Have attached the schematic for the test circuit, plan to use a 7805 to power the 555 but testing with a 9v battery I get 4 volts on the 555 output.
The issue is the gate has a maximum of 4v on the gate.
thinking of a voltage divider or Zener diode on the gate to avoid applying too much voltage to the gate.
I show 2 LEDs but D3 is just for testing. D2 will be a 12v LED neon strip. the 9v will be 12 v.
and yes the breadboard circuit works as showen
You need to link datasheets, part numbers and why no heatsink? That schematic is not helpful.
To switch 2A and only dissipate 0.2 W (not too hot) you need a 0.1V drop (2A*0.1V=0.2W) which means Ron = 1V/2A = 0.5 ohm
The IRF520 is 0.27 ohm max at Vgs=10 but more than 2x this at 150'C so a heatsink is needed.
Here's an update to follow if you like the 30:1 frequency range You can make the IRF520 work if you follow my advice. Use 12V for gate voltage add small heatsink. There are about 1,000 logic level FETs to choose from.

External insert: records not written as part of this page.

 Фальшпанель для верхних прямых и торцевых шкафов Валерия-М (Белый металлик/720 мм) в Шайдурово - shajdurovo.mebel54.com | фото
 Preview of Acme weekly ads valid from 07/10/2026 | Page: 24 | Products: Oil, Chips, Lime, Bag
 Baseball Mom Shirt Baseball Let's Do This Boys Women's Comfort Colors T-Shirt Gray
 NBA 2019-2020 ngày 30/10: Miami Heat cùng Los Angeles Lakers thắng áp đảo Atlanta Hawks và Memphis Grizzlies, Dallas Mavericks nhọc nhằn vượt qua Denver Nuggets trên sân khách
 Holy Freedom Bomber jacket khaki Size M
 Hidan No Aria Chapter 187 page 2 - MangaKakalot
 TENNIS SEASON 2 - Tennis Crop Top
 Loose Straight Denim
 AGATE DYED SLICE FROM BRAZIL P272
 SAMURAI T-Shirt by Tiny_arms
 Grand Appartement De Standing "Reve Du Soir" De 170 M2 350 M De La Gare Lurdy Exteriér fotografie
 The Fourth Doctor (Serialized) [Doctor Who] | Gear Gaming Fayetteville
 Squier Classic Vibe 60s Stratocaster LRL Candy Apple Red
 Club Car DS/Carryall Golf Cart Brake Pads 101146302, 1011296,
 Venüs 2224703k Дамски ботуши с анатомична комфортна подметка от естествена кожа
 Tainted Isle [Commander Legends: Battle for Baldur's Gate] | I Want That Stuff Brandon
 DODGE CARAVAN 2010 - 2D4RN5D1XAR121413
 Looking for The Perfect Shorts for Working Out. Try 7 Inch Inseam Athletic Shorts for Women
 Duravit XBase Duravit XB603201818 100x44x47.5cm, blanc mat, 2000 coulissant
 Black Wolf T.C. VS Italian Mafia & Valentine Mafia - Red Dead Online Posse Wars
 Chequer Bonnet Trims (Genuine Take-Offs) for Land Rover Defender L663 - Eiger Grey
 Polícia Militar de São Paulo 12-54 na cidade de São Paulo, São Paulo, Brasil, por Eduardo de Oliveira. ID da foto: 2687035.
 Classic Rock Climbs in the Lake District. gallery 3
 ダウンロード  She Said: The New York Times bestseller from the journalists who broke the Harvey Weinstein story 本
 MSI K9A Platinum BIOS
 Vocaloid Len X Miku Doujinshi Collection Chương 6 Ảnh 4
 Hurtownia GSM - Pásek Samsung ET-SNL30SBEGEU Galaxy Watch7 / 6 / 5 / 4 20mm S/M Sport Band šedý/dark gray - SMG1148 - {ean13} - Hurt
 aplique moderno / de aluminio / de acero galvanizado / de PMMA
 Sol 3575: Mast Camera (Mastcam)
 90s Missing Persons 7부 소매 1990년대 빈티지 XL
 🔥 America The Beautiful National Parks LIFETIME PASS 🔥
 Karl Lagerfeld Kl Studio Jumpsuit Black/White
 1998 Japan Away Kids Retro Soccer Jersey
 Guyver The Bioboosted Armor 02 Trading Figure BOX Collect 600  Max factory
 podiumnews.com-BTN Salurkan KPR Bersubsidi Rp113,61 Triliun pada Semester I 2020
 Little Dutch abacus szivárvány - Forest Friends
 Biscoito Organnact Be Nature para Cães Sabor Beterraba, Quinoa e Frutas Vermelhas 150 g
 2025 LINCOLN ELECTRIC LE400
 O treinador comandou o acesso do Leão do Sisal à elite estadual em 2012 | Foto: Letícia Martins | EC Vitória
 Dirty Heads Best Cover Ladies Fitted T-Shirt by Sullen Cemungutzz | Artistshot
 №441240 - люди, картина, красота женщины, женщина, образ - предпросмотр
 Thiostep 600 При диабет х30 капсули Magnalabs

The Vgs(th) is the gate voltage that turns it OFF, you need the gate voltage that turns it ON which is usually 10V for a common old Mosfet. A moderm "logic level" Mosfet fully turns on with a 5V gate voltage.
Technically Vt or Vgs(th) or gate threshold voltage is defined by the range of voltages due to mfg tolerances that result in current of 250µA with Vgs=Vds. So iif Vt was say 2.5V then RdsOn= 2.5V/0.25 mA = 10 kohm. . not quite off or on.
1. OK with 1 to 2V actually with 12V gate drive you can use 2 to 4V too. ok?
2. I gave 0.2 ohm as a limit for the example using the IRF FET getting hot (TO220 without a heatsink and not an ideal target for a FET resistance. ok?
3. But there are tons of different FETs in catalogs, so why not get one to handle 5A easily. or RdsOn of <= 25 mohms. 5^2 * 0.025 = 63 mW , cool ')